Start of Data provided
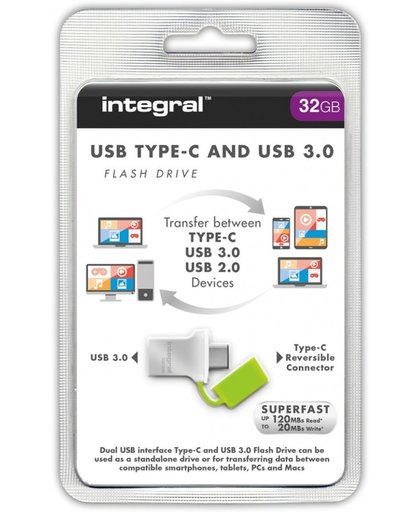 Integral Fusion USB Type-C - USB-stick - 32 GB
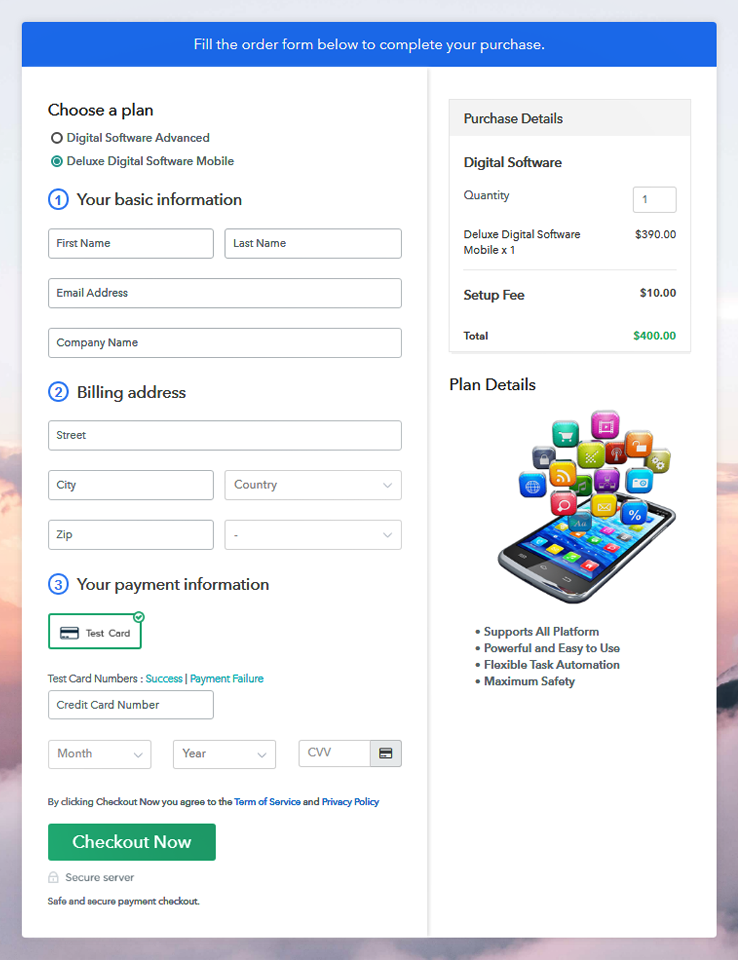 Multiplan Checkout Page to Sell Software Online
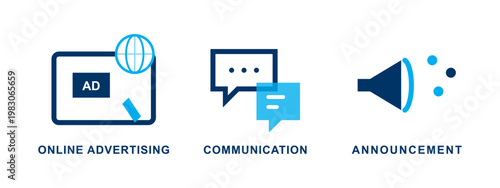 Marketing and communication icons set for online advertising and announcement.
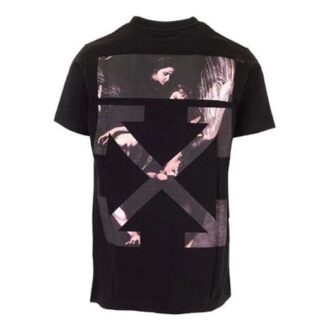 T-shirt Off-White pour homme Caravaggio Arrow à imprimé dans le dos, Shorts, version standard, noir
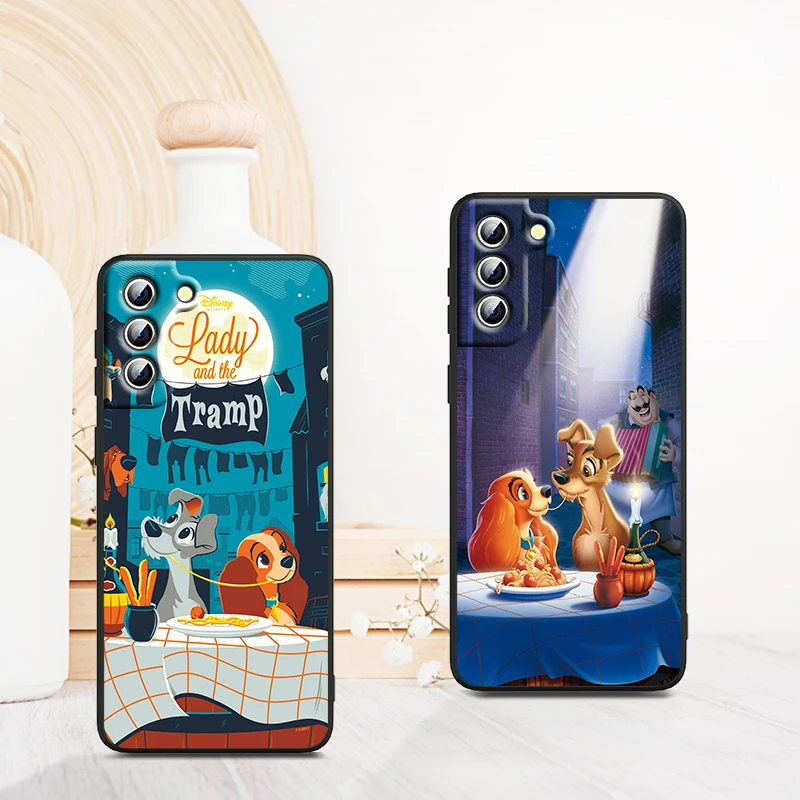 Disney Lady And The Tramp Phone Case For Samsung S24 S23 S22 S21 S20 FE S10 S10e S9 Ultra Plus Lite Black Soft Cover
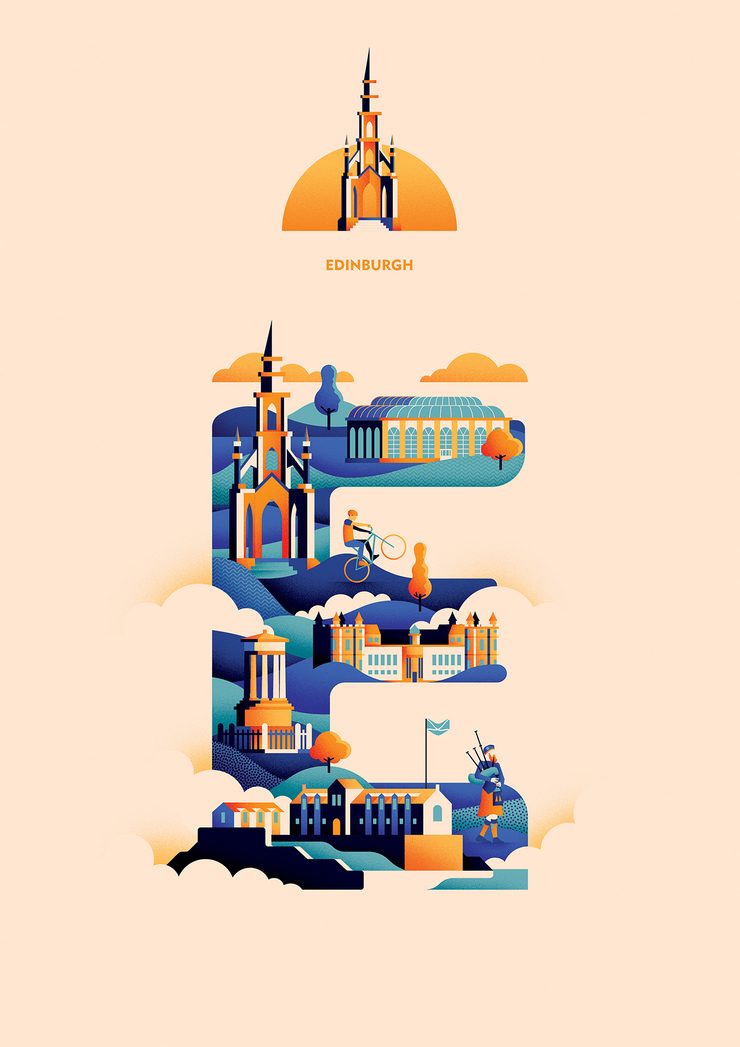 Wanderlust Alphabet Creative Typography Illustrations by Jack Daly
End of Data provided
Copy out the entries verbatim and leave the images out.

 Integral Fusion USB Type-C - USB-stick - 32 GB
 Multiplan Checkout Page to Sell Software Online
 Marketing and communication icons set for online advertising and announcement.
 T-shirt Off-White pour homme Caravaggio Arrow à imprimé dans le dos, Shorts, version standard, noir
 Disney Lady And The Tramp Phone Case For Samsung S24 S23 S22 S21 S20 FE S10 S10e S9 Ultra Plus Lite Black Soft Cover
 Wanderlust Alphabet Creative Typography Illustrations by Jack Daly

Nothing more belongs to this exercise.